[[ Source information open ]]

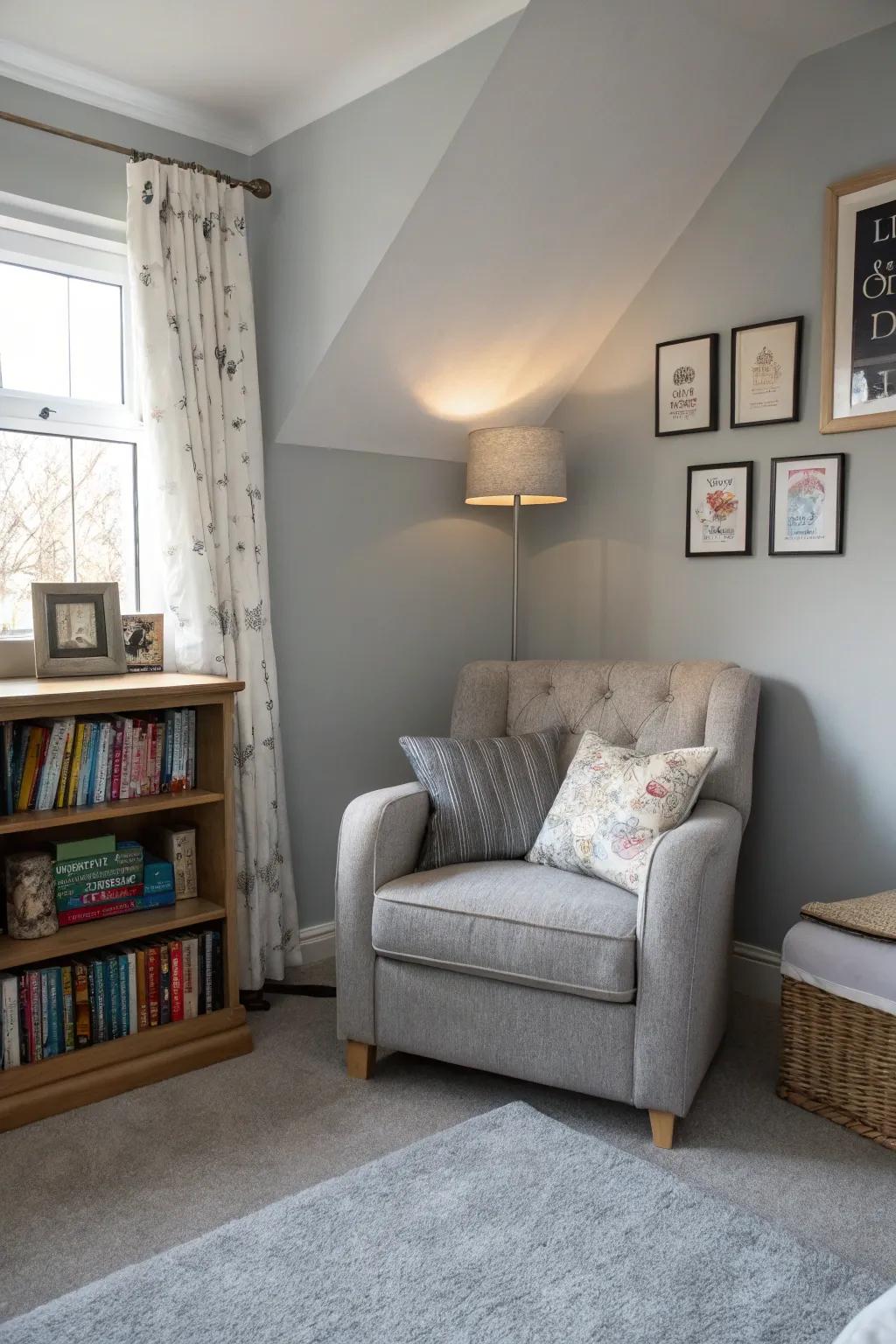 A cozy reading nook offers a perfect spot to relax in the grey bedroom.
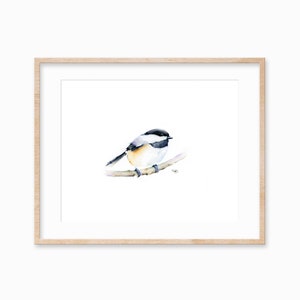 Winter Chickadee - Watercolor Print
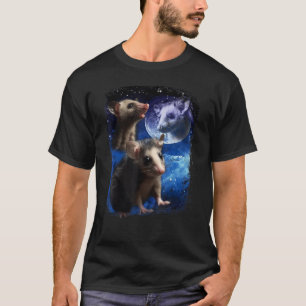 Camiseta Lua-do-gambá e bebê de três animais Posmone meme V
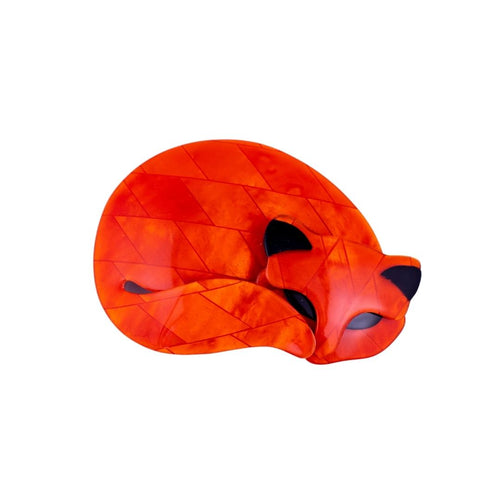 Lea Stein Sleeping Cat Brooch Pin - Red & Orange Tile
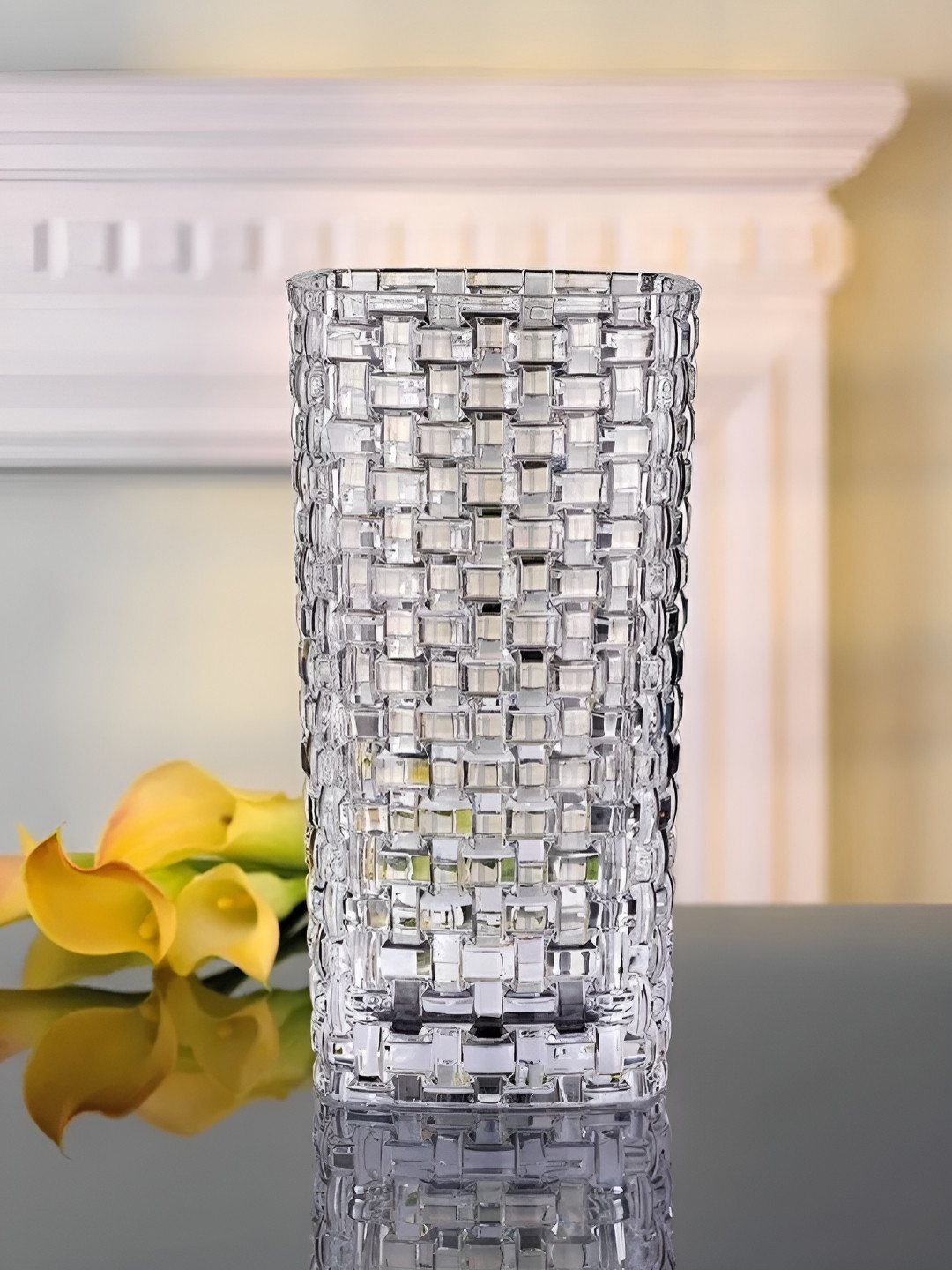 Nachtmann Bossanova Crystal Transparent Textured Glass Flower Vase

[[ Source information closed ]]
[[ Source information open ]]

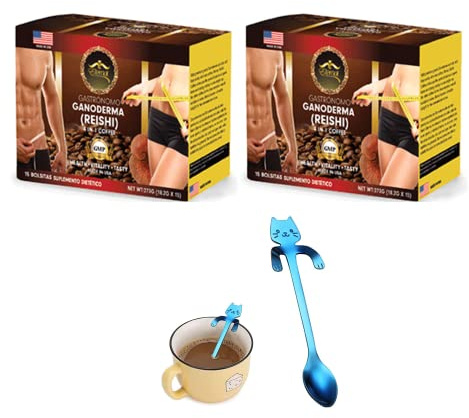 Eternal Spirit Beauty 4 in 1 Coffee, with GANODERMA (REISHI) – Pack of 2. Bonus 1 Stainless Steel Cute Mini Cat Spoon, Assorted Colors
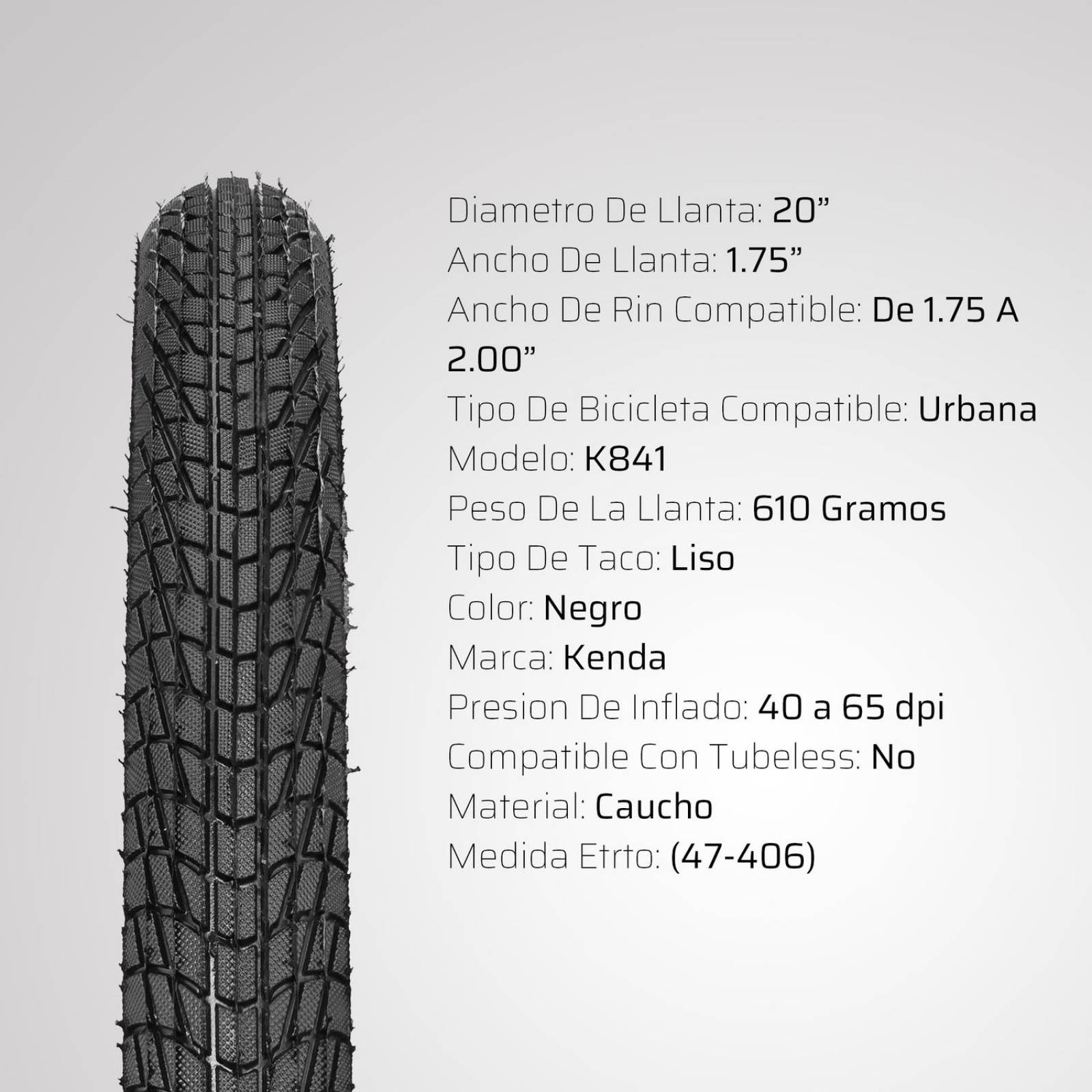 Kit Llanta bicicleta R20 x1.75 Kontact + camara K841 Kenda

[[ Source information closed ]]

◆ **Task instructions**:
Print nothing except the lines above from the one containing "Eternal Spirit Beauty" down to the one containing "Kit Llanta bicicleta", both included, exactly as written and free of pictures.

◆ **Your solution**:
 Eternal Spirit Beauty 4 in 1 Coffee, with GANODERMA (REISHI) – Pack of 2. Bonus 1 Stainless Steel Cute Mini Cat Spoon, Assorted Colors
 Kit Llanta bicicleta R20 x1.75 Kontact + camara K841 Kenda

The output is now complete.